Who benefits and who probably doesn't
Surgery tends to work when the patient is younger than 55 and active, the mechanical symptoms (clicking, catching, consistent groin pain) are specific and reproducible, imaging shows a tear that matches those symptoms, conservative treatment genuinely failed over 6-12 weeks, X-rays show correctable FAI, and there's no significant arthritis (Tönnis grade 0 or 1).
Surgery tends not to help when significant arthritis is already present (Tönnis grade 2 or higher), the pain is diffuse and vague without clear mechanical triggers, a diagnostic injection into the hip didn't provide relief, there's no FAI to correct, or the patient expects a rapid return to sport.
Cost in the US runs $15,000-$30,000+ before accounting for post-operative PT and time off work.
The overdiagnosis problem
Hip labral tears are one of the most overdiagnosed and over-operated-on conditions in orthopedic surgery. Better imaging has made us very good at finding tears. It hasn't made us equally good at knowing which ones to treat.
Many people live with labral tears and no pain. If you have hip pain and an MRI shows a tear, that's not the same as proving the tear is the cause. The real source might be a tight psoas, gluteal tendinopathy, a lumbar nerve root problem, sacroiliac dysfunction, or stress fractures. These can all produce symptoms nearly identical to a labral tear.

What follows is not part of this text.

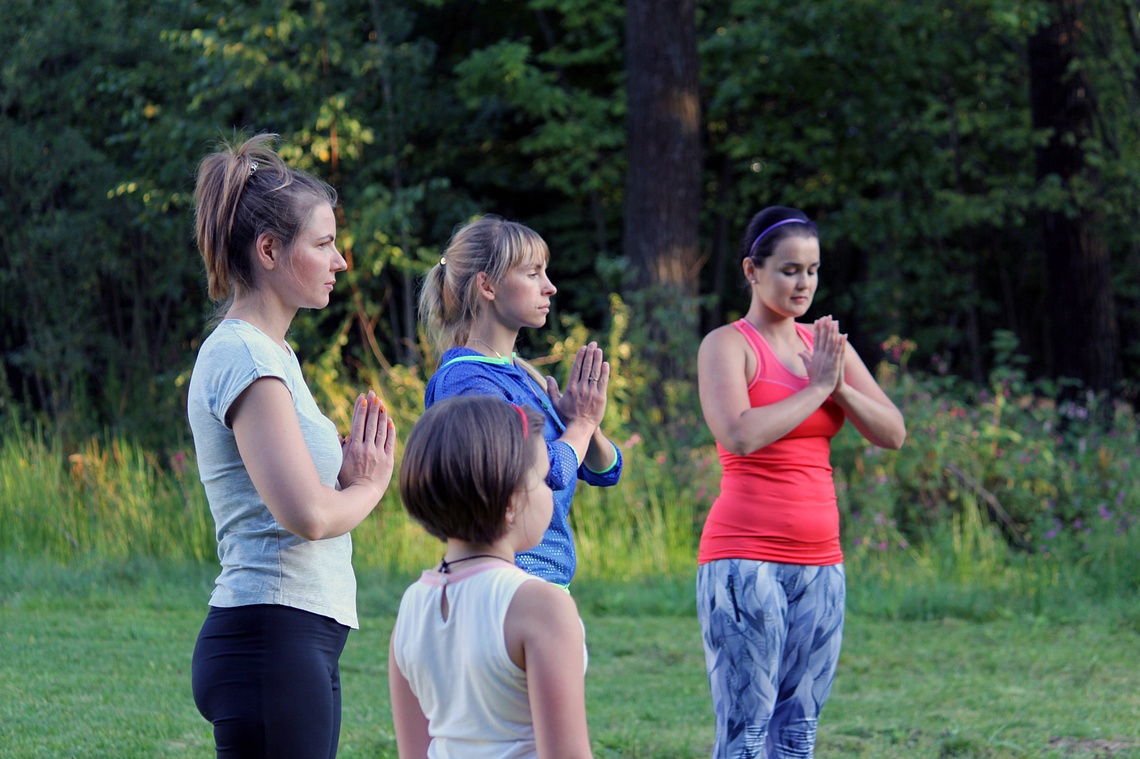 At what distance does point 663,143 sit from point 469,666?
10233 millimetres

Operating on an incidental finding won't fix anything. A thorough workup, including physical exam, imaging correlation, and sometimes a diagnostic injection, is the only way to know whether the tear is actually the problem.
If you have persistent groin pain with clicking or catching that's affecting your daily life, see an orthopedic surgeon with fellowship training in hip preservation. The right evaluation takes time and judgment. That's what separates a successful outcome from months of rehabilitation after an operation that didn't need to happen.